“Hapisten çıkan bireyler, eğer işsiz bırakılırlarsa ve bir becerileri yoksa, normal bireylere göre yüzde 50 daha fazla kırılgan ve depresyona yatkın oluyor. Biz hapishane akademilerimiz ve sosyal eğitim programlarımızla bu duymaktan artık sıkıldığımız istatistikleri yeniden yazmaya çalışıyoruz. Biz hükümlüleri eğitiyoruz. Suça eğilimli kişilere beceri kazandırıyoruz ki bu beceriyle çalışabilsinler. Biz hükümlülere kahve dükkânlarımızda ve iş ortaklarımızda iş imkânları sağlıyoruz.”
Elimde mis gibi dumanı tüten kahvemle duvarda yazanları okumaya başladığımda fark ettim. Buranın adı zaten Redemption Coffee Roasters. Redemption’un Türkçesi kefaret. Ve evet adı boşuna konmamış. Bu kahve zinciri ve kahve işleyicisi Bloomsbury’deki ilk dükkânını 2015’te açmış. Bugün Londra’da 10 mağazaya ulaşmış durumdalar. Kahve dışında ufak tefek yeme içme, sandviçler, basit fırın ürünleri de satılıyor. Ve tabii hediyelikler de bir köşede sergileniyor, tıpkı diğer bütün üçüncü nesil kahve dükkânları gibi. Ancak işte buranın farkı, sosyal misyonu ve çalıştırdığı personelin eski hükümlülerden oluşması.

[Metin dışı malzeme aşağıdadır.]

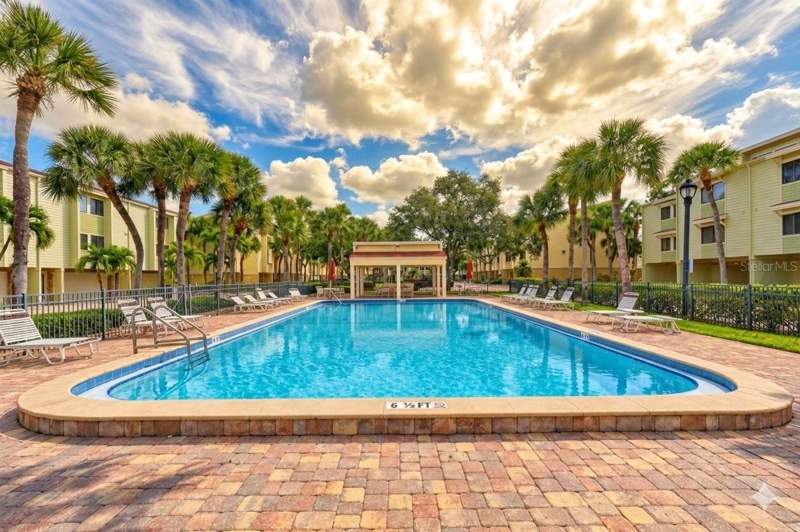 2 bedroom Townhouse at 406 Sandy Hook Road, Village Of Paradise Island, Treasure Island — photo 5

Üçüncü nesil kahve gibi artık suyu çıkmış bir konuda da demek ki hâlâ yeni yaklaşımlar olabiliyor. Belki ileri görüşlü, sosyal yanı ağır basan işletmelerimiz de bu fikirden faydalanır diye düşünerek, paylaşmadan edemedim.
Obez sağlık bakanı olur mu?
İngiltere’nin yeni sağlık bakanı Therese Coffey’nin şişmanlığı -ve basına yansıyan muhtelif fotoğraflarına bakılırsa- hayli sağlıksız yaşamı tartışılıyor. Kraliçe’nin ölümüyle yeni kabineye dair siyaset tartışmaları ve dedikodu ve magazinler gölgelendi İngiltere’de. Ama öncesinde en büyük potansiyel tartışmalardan biri sağlık bakanı evresinde gelişiyordu. Magazin basını “Sağlıksızdan sağlık bakanı olur mu?” diye magazin yaparken Coffey’nin elde puro, içki içerken fotoğraflarını paylaştı. Sanki bunları yapmak suçmuş gibi. Guardian ise eleştirisini başka türlü yaptı: “Şampanya ve puro sorun değil ama kürtaj hakkındaki düşünceleri endişe verici.” Coffey’nin kürtajı zorlaştırmaya yönelik kararlar alacağı belirtiliyor. Britanya’da 2017’de yapılan araştırma halkın yüzde 70’inin kürtajı desteklediğini ortaya koyuyor. Aynı araştırmanın 2020 sonuçları ise kürtaja desteğin yüzde 90’a ulaştığını gösteriyor.
Medeniyetler çatışması!
Hafta sonu bir arkadaşın evinde toplandık. Leyla’nın okuldan arkadaşlarının aileleriyle bu tip buluşmalar çok faydalı çünkü çocuklar kendi kendine oynuyor, biz de bu arada iki laf edebiliyoruz. Elimiz boş gitmemek için de biraz içecek, biraz da börek götürdük. Ev bir ara Birleşmiş Milletler gibiydi, herkes kendi mutfağından bir şeyler getirmiş, onları anlatıyor, tadıyor.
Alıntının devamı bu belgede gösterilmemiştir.